** Records shown **
===

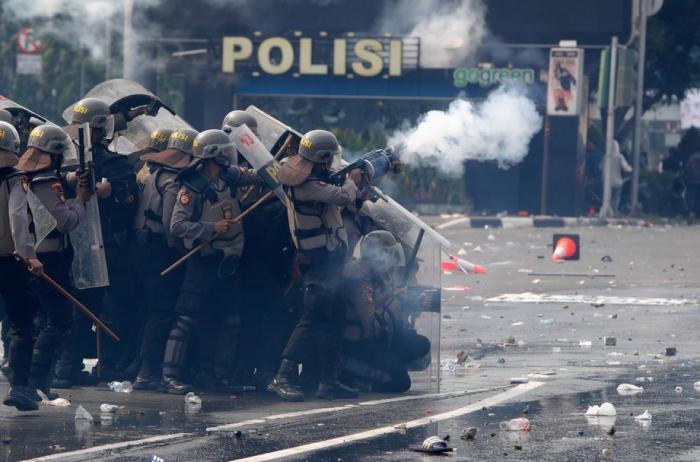 Bei einem Protest gegen das Omnibus-Gesetz der Regierung in Jakarta feuern Polizisten Tränengas auf die Demonstranten ab. Foto: epa/Adi Weda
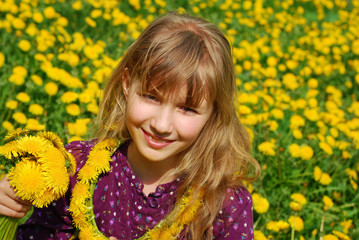 young girl with dandelions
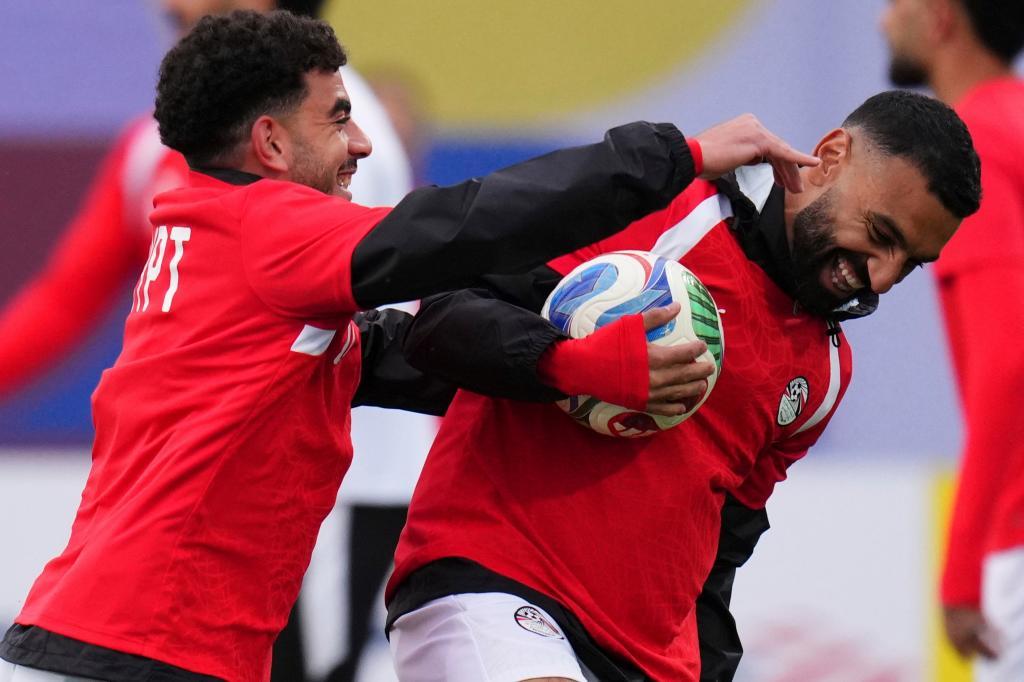 Egypt's Tarek Alaa (24), left, jokes with his teammate Egypt's Mohamed Salah (10)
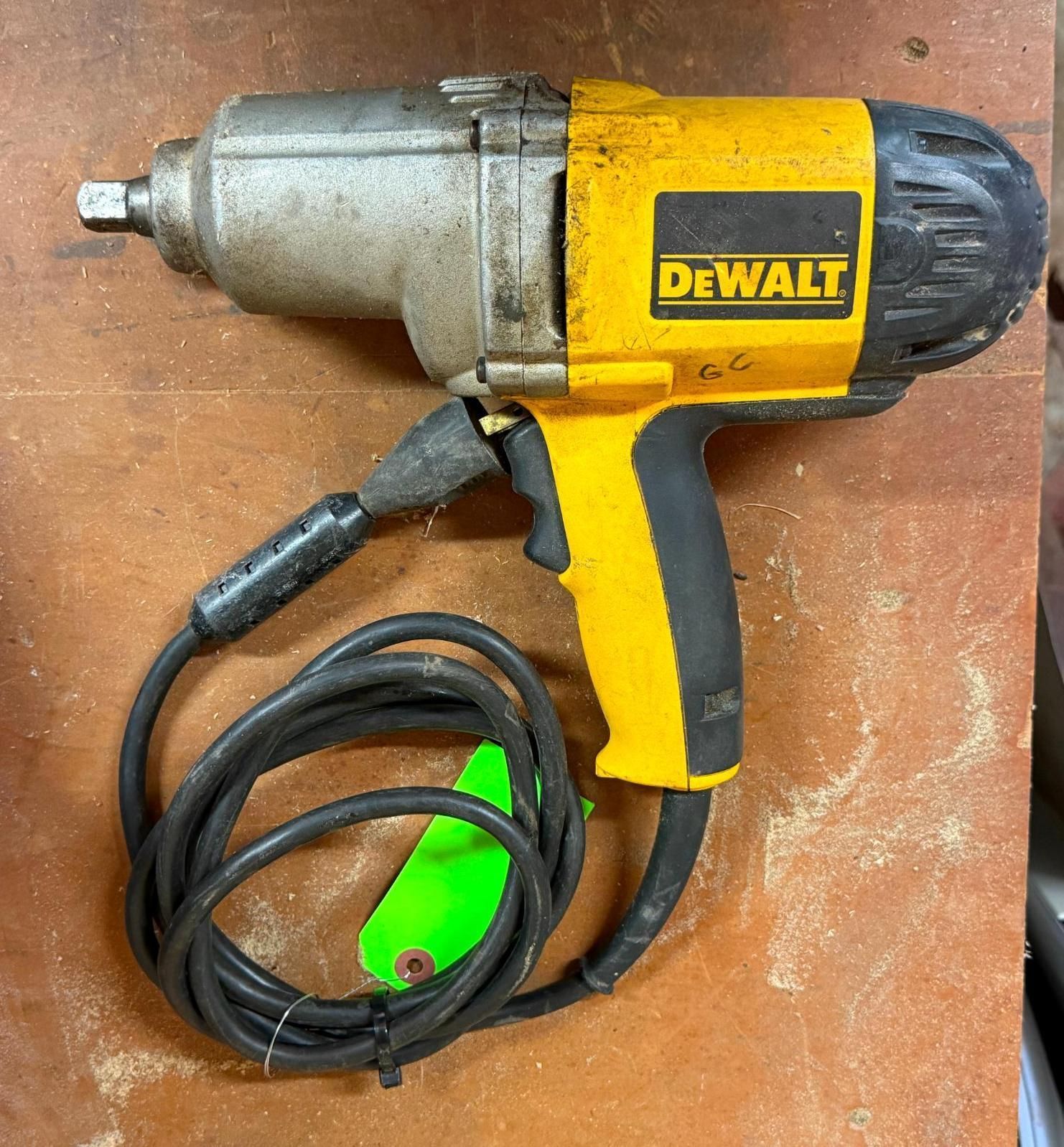Yellow and black DEWALT electric impact wrench with cord on a brown workbench
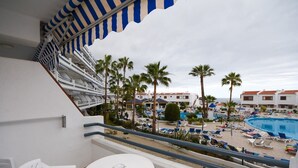 A balcony with a view of a pool area, palm trees, and a cruise ship deck.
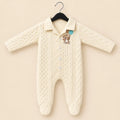Baby winter quilted footed romper in cream with teddy bear embroidery, front snap buttons and long sleeves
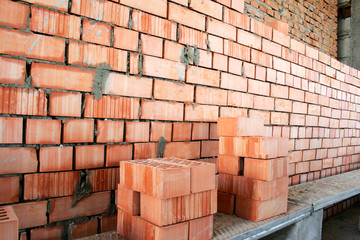 Fragment of a brick wall on building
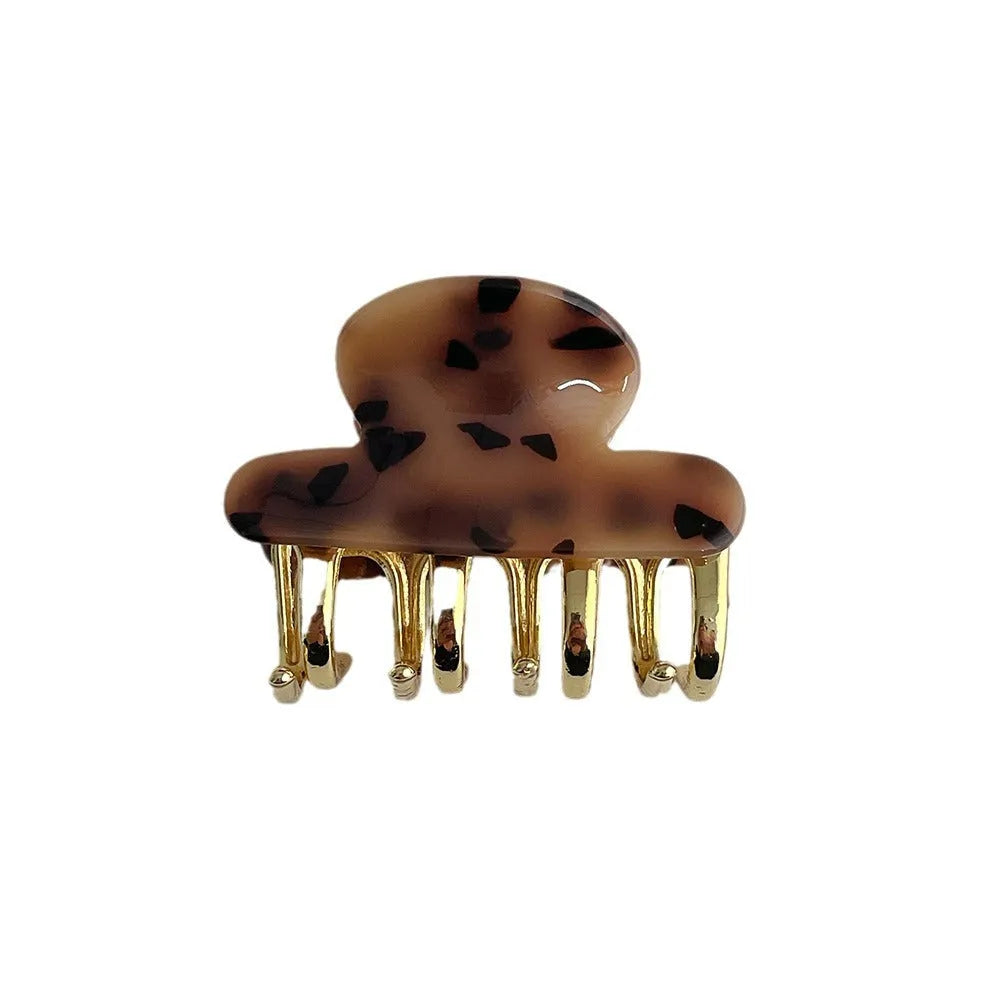 Women's retro acetate barrettes with metal grip in four colour variations including leopard print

===

** What needs to be done **
What you return should match the material line for line, with the images removed.

** Output for this exercise **
 Bei einem Protest gegen das Omnibus-Gesetz der Regierung in Jakarta feuern Polizisten Tränengas auf die Demonstranten ab. Foto: epa/Adi Weda
 young girl with dandelions
 Egypt's Tarek Alaa (24), left, jokes with his teammate Egypt's Mohamed Salah (10)
Yellow and black DEWALT electric impact wrench with cord on a brown workbench
 A balcony with a view of a pool area, palm trees, and a cruise ship deck.
Baby winter quilted footed romper in cream with teddy bear embroidery, front snap buttons and long sleeves
 Fragment of a brick wall on building
 Women's retro acetate barrettes with metal grip in four colour variations including leopard print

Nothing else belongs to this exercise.